We tend to see time as constant. Something that cannot be altered or changed. We see the sun and moon rise and set -- we see the seasons come and go. We even watch the stars and planets wheel around the sky. All those primitive forms of keeping time indicate, and logically so, that time is an "arrow." Always moving forward, in the same direction, at the same speed. And for everyday applications, that's a perfectly sound assumption.
The problem is that, just based on our tiny slice of universal observation, we don't have all the points of reference to know that time is always an arrow. Classical Newtonian physics works great for a falling apple, or the motion of a car. But when you start getting to something like the speed of light, or sizes that are sub-atomic, the laws of classical physics start turning into mashed potatoes.
For the sake of this particular post, I'll stick with velocity and how it relates to time. Basically, time is very malleable. This fluid nature of time isn't very apparent at relative speeds we experience day-to-day. If you are in a car, time is different for you than if you're walking. Though the difference is SO minute you'd never be able to measure it. Even flying in a 747, which goes, what, somewhere around 800 MPH? You can't tell the difference.
Even a space shuttle traveling at escape velocity, which is about 12 miles per second, doesn't make the difference very apparent. But over a relatively short period of time, that difference can be measured with instrumentation. And the faster you go, the more noticable it is -- approaching the speed of light. It's shaped like an exponential curve, where the X-axis is your speed, and the Y-axis is time dilation. At the speed of light -- C -- there is an asymptote. That, mathematically speaking, means that the speed of light is NOT attainable -- not by anything with any mass anyway. There's a mathematical formula, called the http://en.wikipedia.org/wiki/Lorentz_transformation which allows us to calculate the relative passage of time for someone traveling at high speeds compared to a "stationary" person (though in the universe, nothing is stationary).
The way it works is that all space and time are interrelated and connected in such a way that any change or impact made to one affects everything. In a specific sense, the faster you go, the more massive you become. Literally, the more physical mass you take on, which means more energy is needed to increase your speed another step. In that graph, the speed of light isn't attainable NOT because it's just too fast -- it's because something with mass traveling the speed of light would have an infinite amount of mass, and require an infinite amount of energy to reach that velocity. That's why only photons (or wave-particle energy) move at that speed.
So the faster you go, the heavier you get. The heavier you get, the more energy it takes to move you.
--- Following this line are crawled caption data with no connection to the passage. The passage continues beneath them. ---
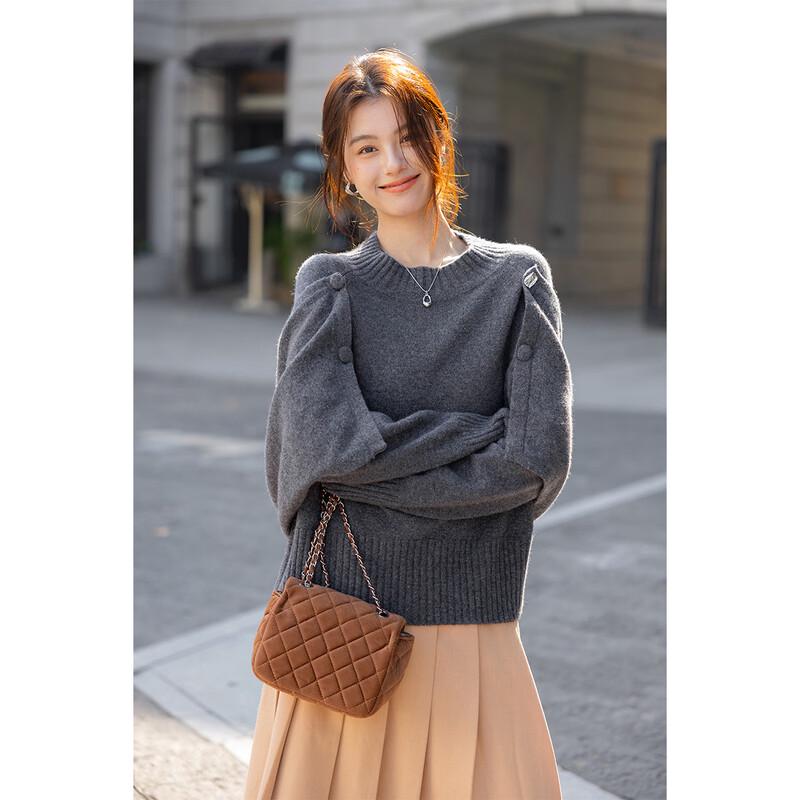 ITISF4 Women's Relaxed Fit 100% Wool Sweater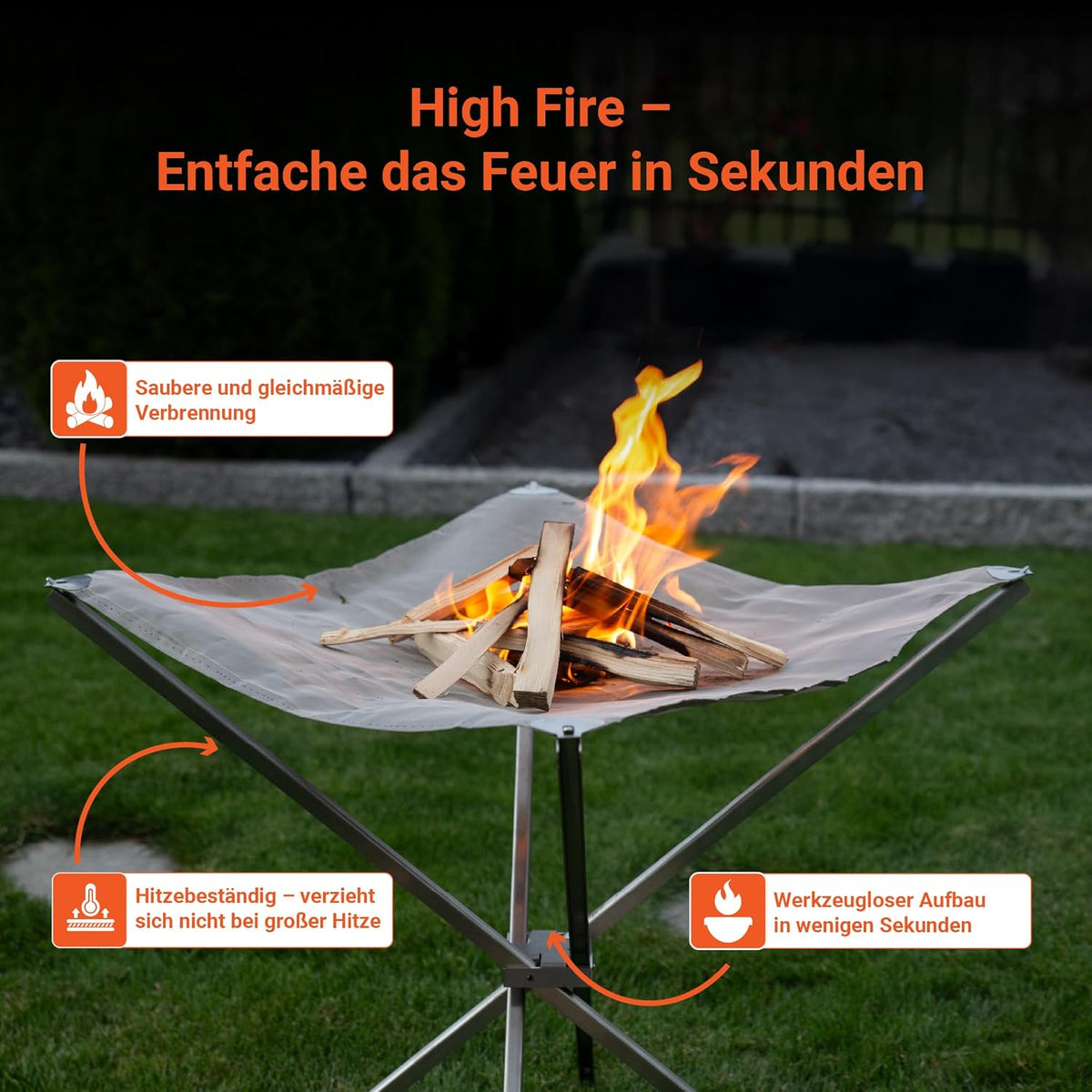 FENNEK HIGHFIRE | Vuurnet - hoogwaardig/draagbaar | van hittebestendig edestaal | met tas | perfect voor thuis of mobiel gebruik | XL formaat/60 x 60 x 63 cm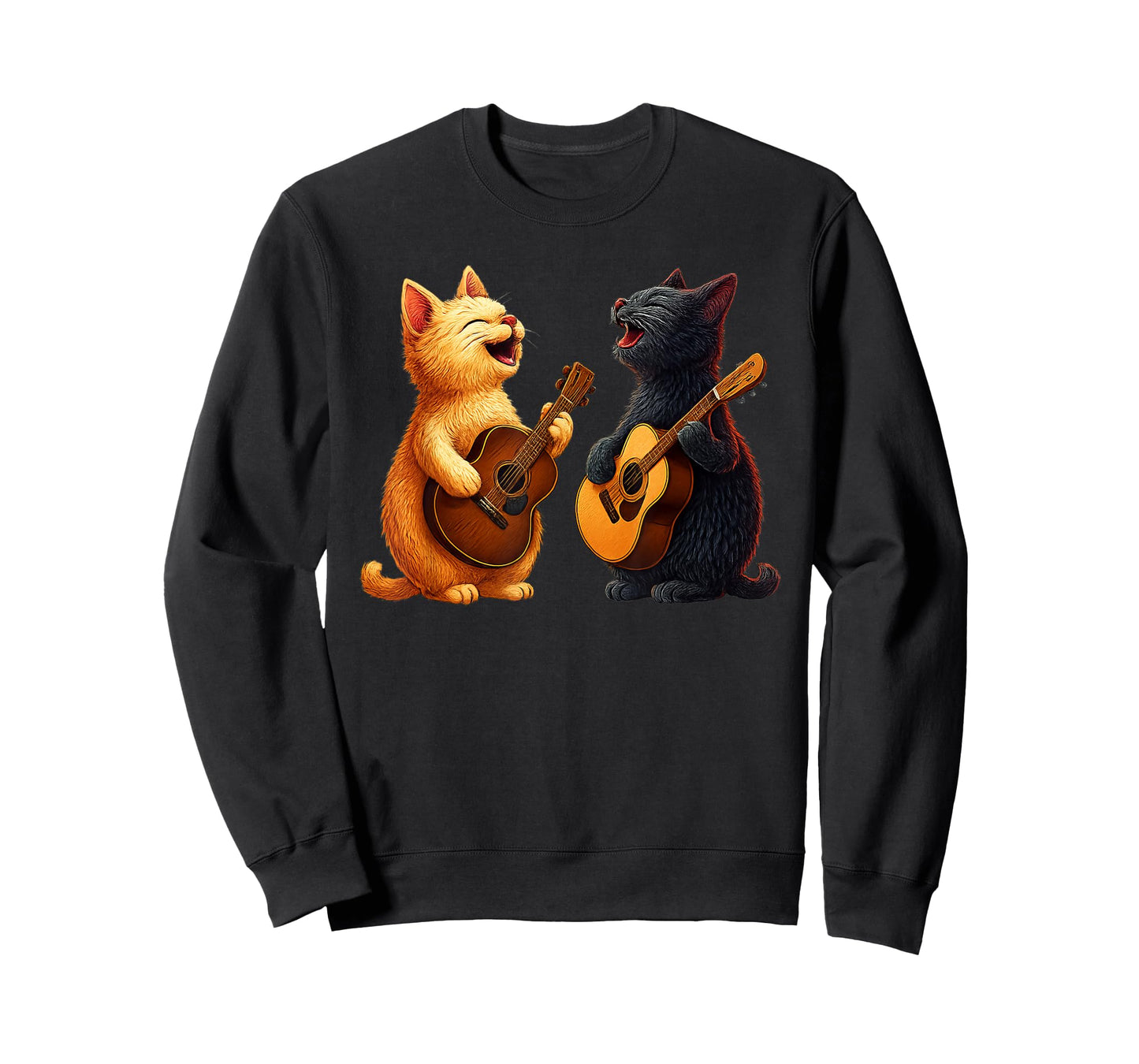 Cute Cats Playing Guitar Musician Music T-Shirt
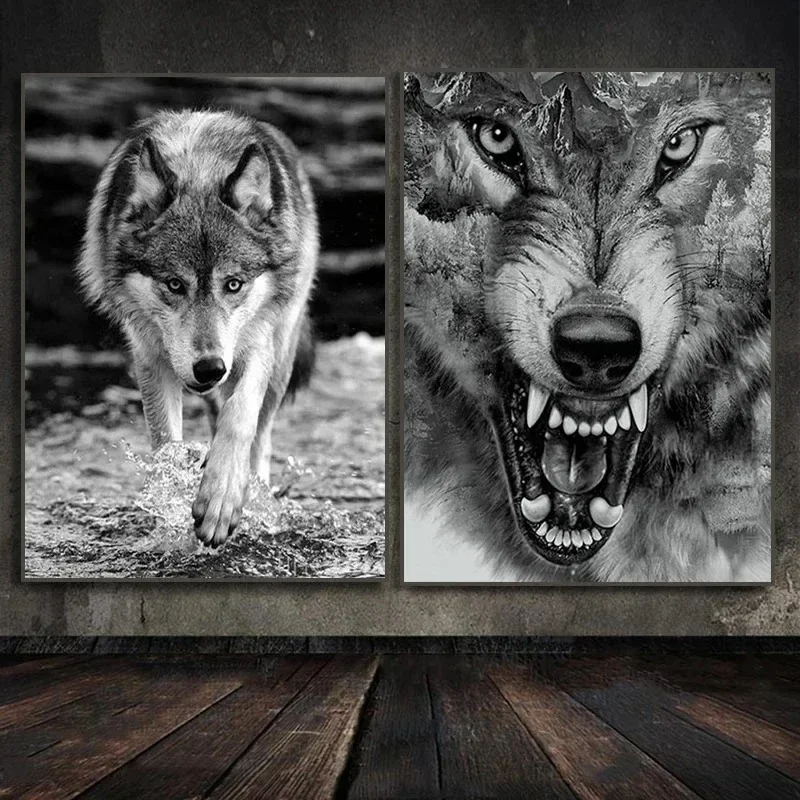 Black and White Forest Wolf Head Wall Art Wildlife Wolf Poster Oil Painting Decoration Painting Nordic Style Office Home Decor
Also, the heavier you get, the more spacetime itself warps around you (which is exactly what gravity is -- the more massive something is, the more "warping" of spacetime it does, which is, basically, what gravity is). The more spacetime warps, the more -- well -- spacetime warps. You can't technically separate the two because, as I said, all space and time is interconnected. Essentially, the faster you move, the greater the spacetime warping you have (or rather, the more powerful gravity well is created around you) because of the accrued mass.
That's how it works. Why it works is just a mystery of the universe. I guess it's just a law of nature. It's like asking why the universe is here. There is no "why," it just "is."